Debian packaging/Package your software as deb

From Wikitech

Introduction

When software we develop at Wikimedia needs to be packaged for Debian, you typically want minimal disruption to your development process. This means that, for instance, maintaining a per-distribution branch where you'll build the software for different Debian versions is inconvenient, if the only thing that has to change is the debian/changelog entry.

Additionally, when developing software, you will typically have project-specific CI pipelines, and any additional pipeline will have to merged into it.
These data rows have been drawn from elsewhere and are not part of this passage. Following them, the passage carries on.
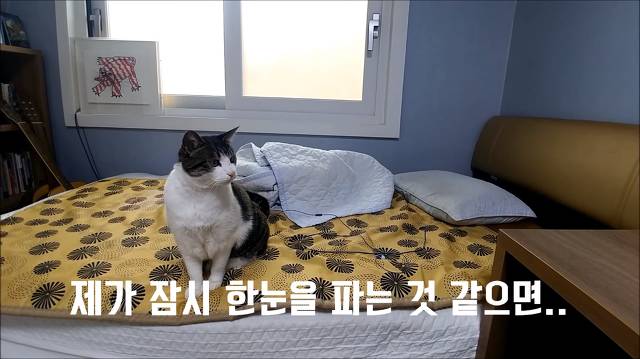 집사가 책상에 못올라가게 하니까 삐지는 고양이 (캡쳐) | 인스티즈
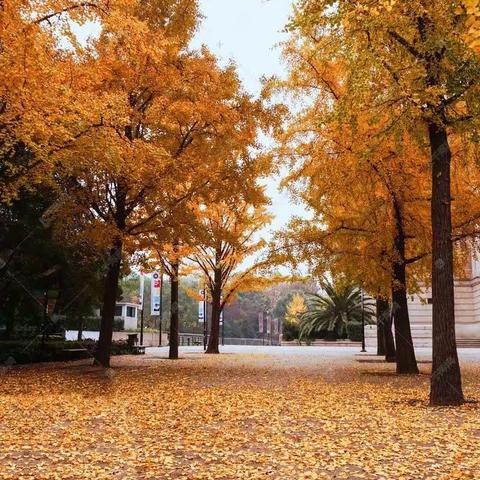 10月26-27日【推荐N01泡温泉/银杏季】/准五花园温泉度假村酒店/银杏山庄/度假2日游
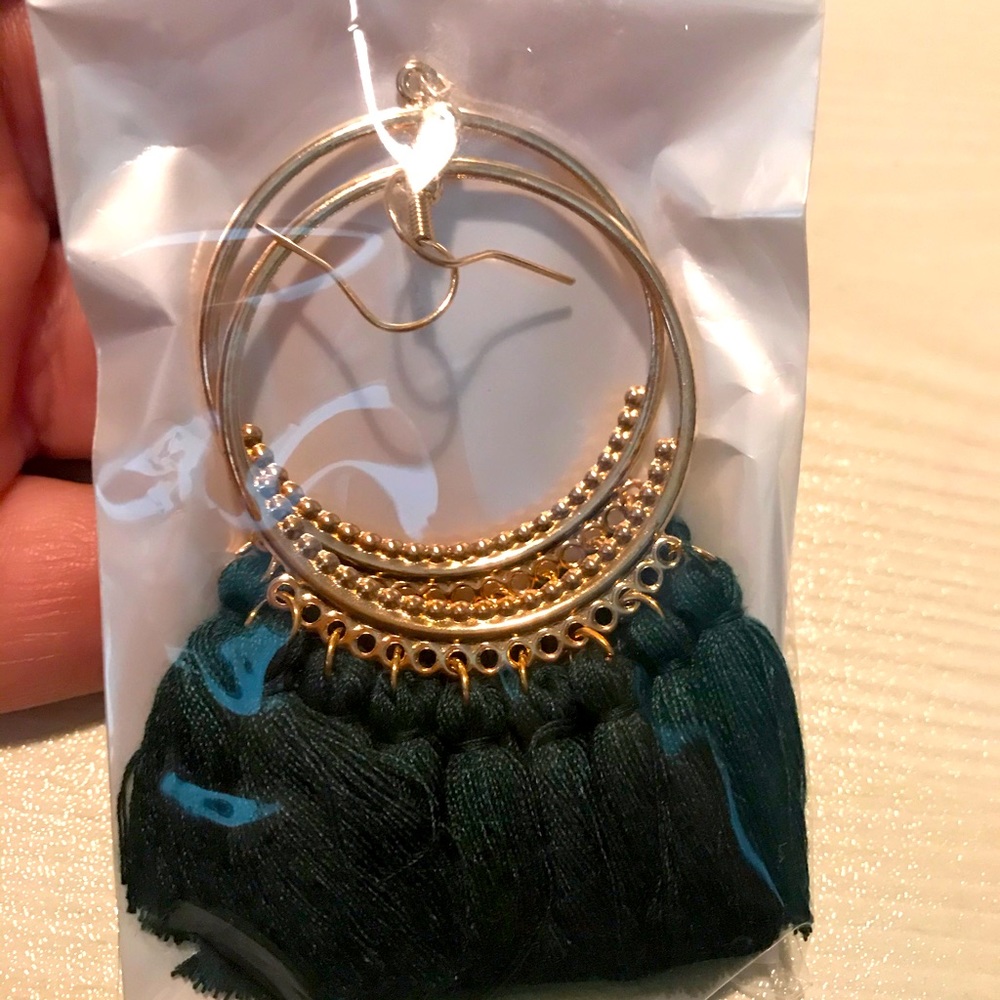 New in pack beautiful tassel earrings.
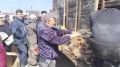 #господдержка. В Хангаласском районе идёт реализация населению скороспелой птицы В городе Покровске прошла распродажа кур-несушек АО Якутская птицефабрика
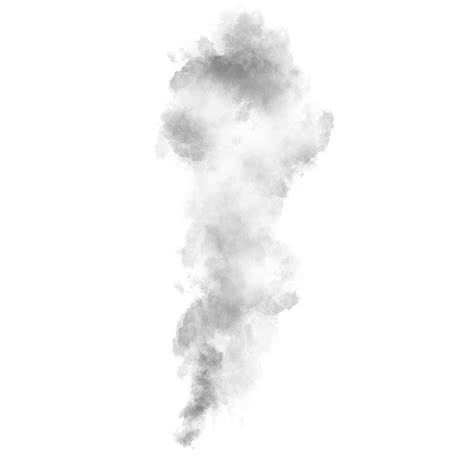 Black Smoke Transparent  Canvas Goose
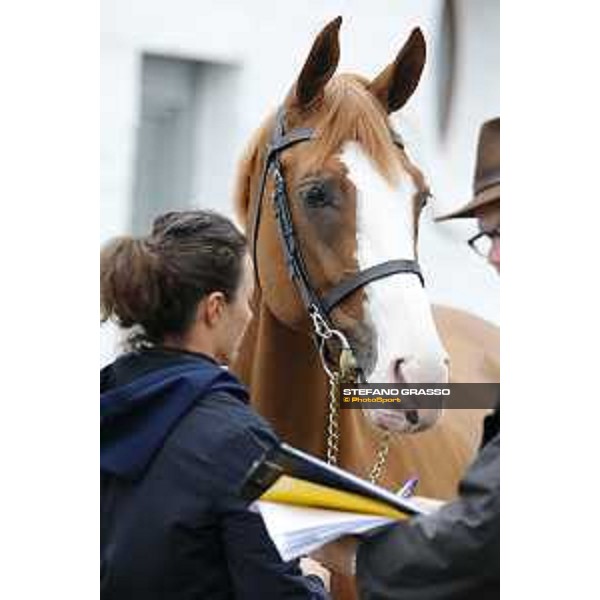 Aachen - FEI European Championships 2015 Gribouille du Lys Aachen,17th August 2015 ph.Stefano Grasso/Loro Piana
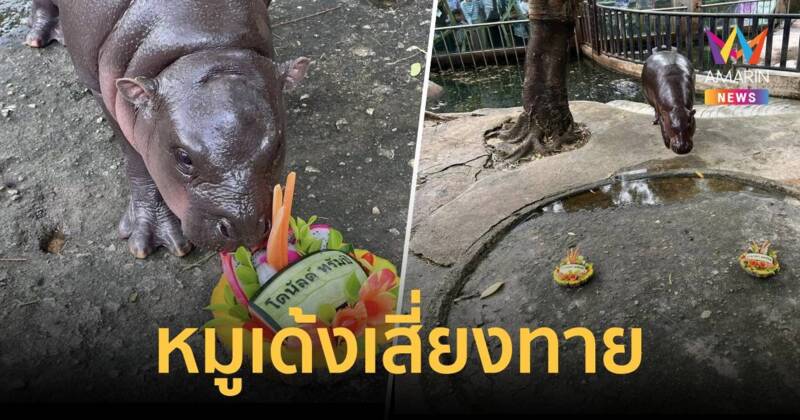 หมูเด้ง เสี่ยงทาย เลือกตั้งประธานาธิบดีสหรัฐฯ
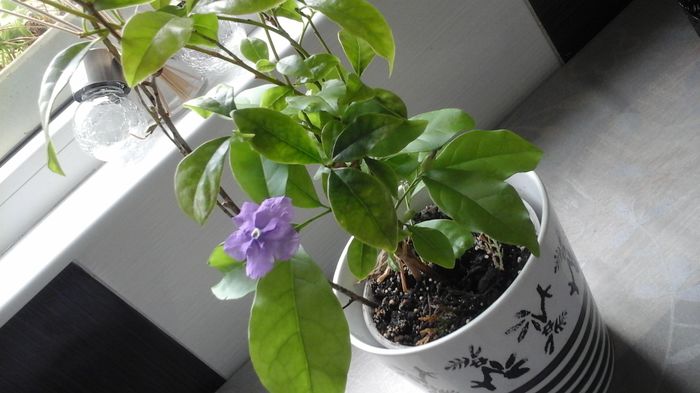 20160529_151017 - Brunfelsia Pauciflora 2016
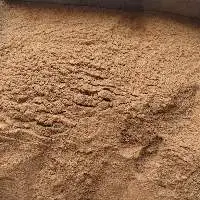 Premium Quality Coconut Shell Powder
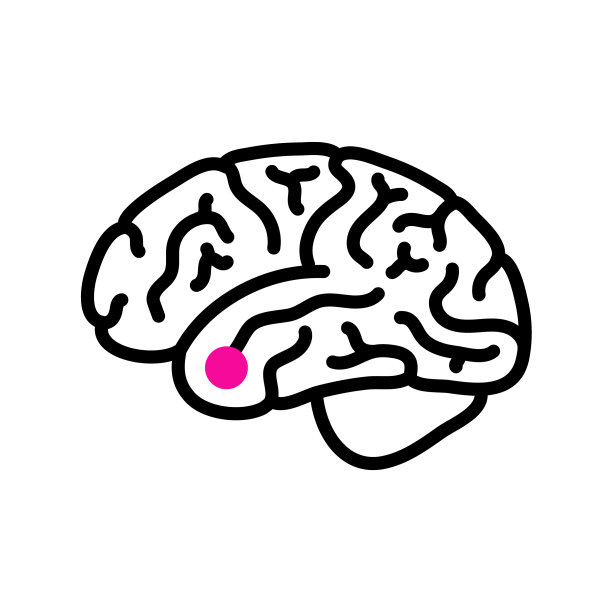 垂体腺瘤癌图片下载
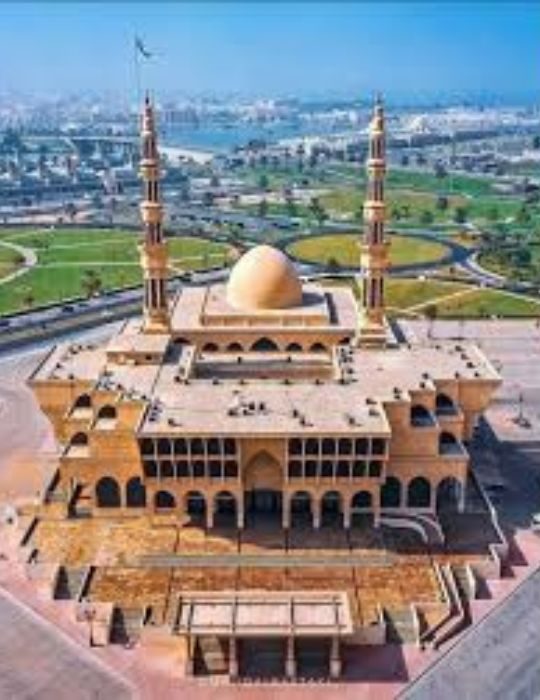 Untitled design (19)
To this end, we've developed a specialized pipeline that builds a Debian package every time that both of the following conditions are true:

  • a commit is pushed or merged onto your main branch
  • there is a change to debian/changelog

The deb package will be built for the distribution indicated in the latest entry in the debian/changelog (which must be in the format $distro-wikimedia, or the CI pipeline will fail).
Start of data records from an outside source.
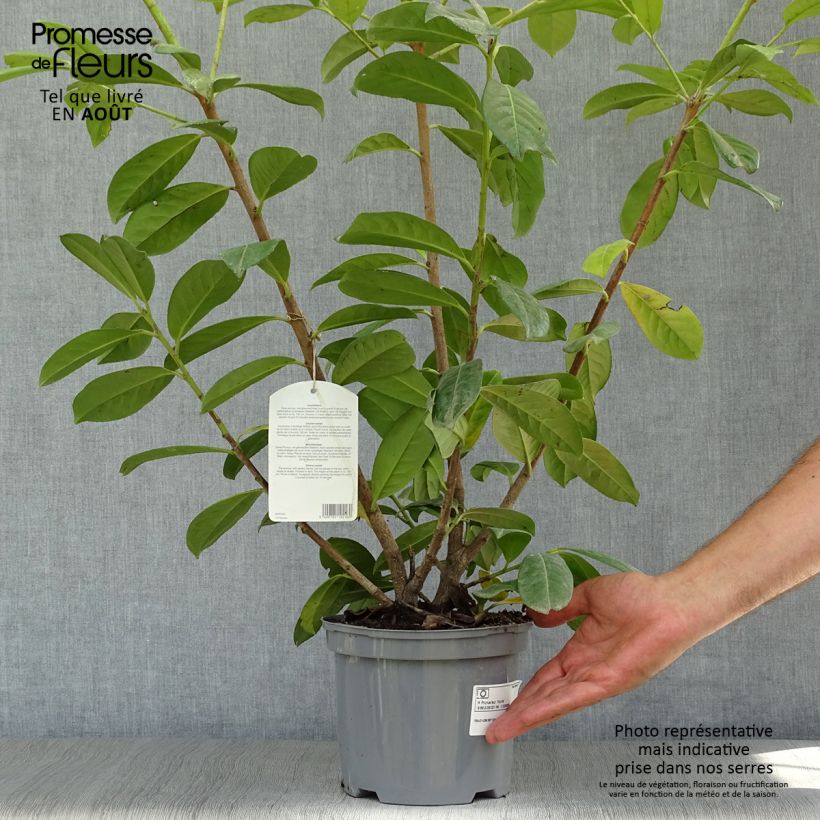 Example of Kirschlorbeer Novita - Prunus laurocerasus Topf mit 4L/5L as you get in ete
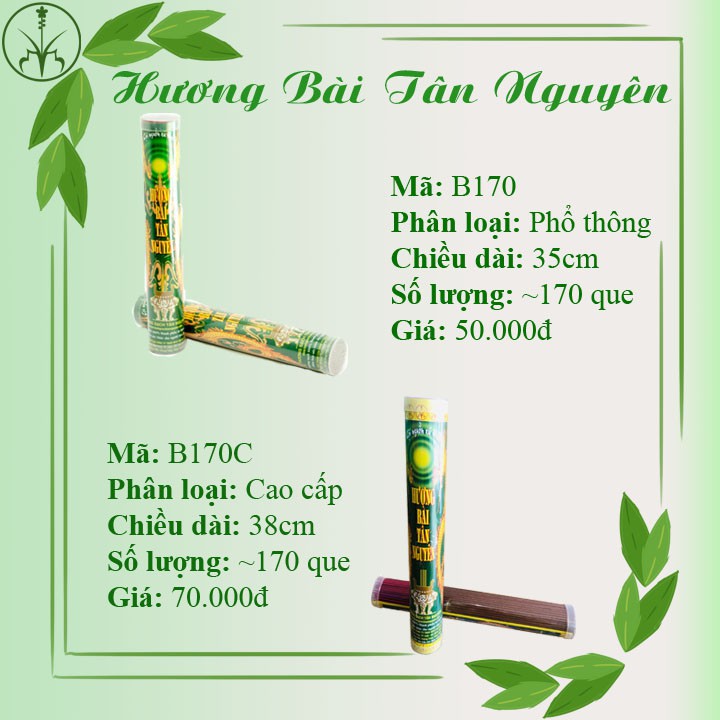 HƯƠNG SẠCH TÂN NGUYÊN - Nhang Bài không hóa chất ống 170 que B170C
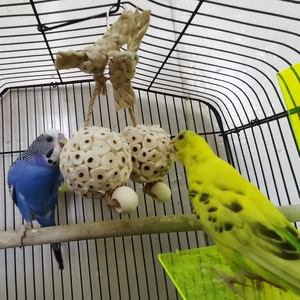 Venta caliente Bola de hierba doble Color Natural maíz trenza cuentas pájaro juguete para loros Original mascota movimiento interactivo juguete - Product Image 4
How to enable automatic build of debian packages

Typically, you have your own CI tasks for your code already. So, just modify your .gitlab-ci.yml file to include the following:

# you can have more stages, but these are mandatory or CI will fail
stages:
  - prepare
  - build
  - upload
  - release

# Again this just needs to be added to your own set of variables if you have them.
# Please note: this needs to be declared before the include.
variables:
  # Use backports when building debs
  USEBACKPORTS: "1"
  # Change to "1" if you want your deb to be published as a gitlab release,
  # see https://gitlab.wikimedia.org/repos/sre/vopsbot/-/releases/0.3.8-3.2-bookworm
  # as an example of the result
  WMF_CI_RELEASE_DEB: "0"

include:
  - project: 'repos/sre/wmf-debci'
    ref: main
    file:
      - 'wmfdeb.yml'

A typical workflow

Let's see how a typical workflow will pan out:

Let's say we want to make a new release for vopsbot, and we want to package the software for both Debian Bullseye and Debian Bookworm.

Bookworm

  • First, we'll add an entry to debian/changelog for Bookworm, eg.
 vopsbot (0.3.8-4) bookworm-wikimedia; urgency=medium
 [...]
  • push the change to main
  • The bookworm package will be built:
dch -v 0.3.8-4
git add debian/changelog
git commit -m 'Build 0.3.8-4 for bookworm'
git push
# This triggers a pipeline like https://gitlab.wikimedia.org/repos/sre/vopsbot/-/pipelines/37699
# and results in the release https://gitlab.wikimedia.org/repos/sre/vopsbot/-/releases/0.3.8-4-bookworm

Bullseye

 vopsbot (0.3.8-4~deb11u1) bullseye-wikimedia; urgency=medium
 [...]
  • push the change to the main branch of the repository.
  • The bullseye package will be built:
dch -v '0.3.8-4~deb11u1'
git add debian/changelog
git commit -m 'Build 0.3.8-4 for bullseye'
git push

# This triggers a pipeline like https://gitlab.wikimedia.org/repos/sre/vopsbot/-/pipelines/37702
# and results in the release https://gitlab.wikimedia.org/repos/sre/vopsbot/-/releases/0.3.8-4~deb11u1-bullseye

The important detail is that you need to perform separate push operations for each of the distributions you want to build for, as the pipeline only looks for the latest changelog entry.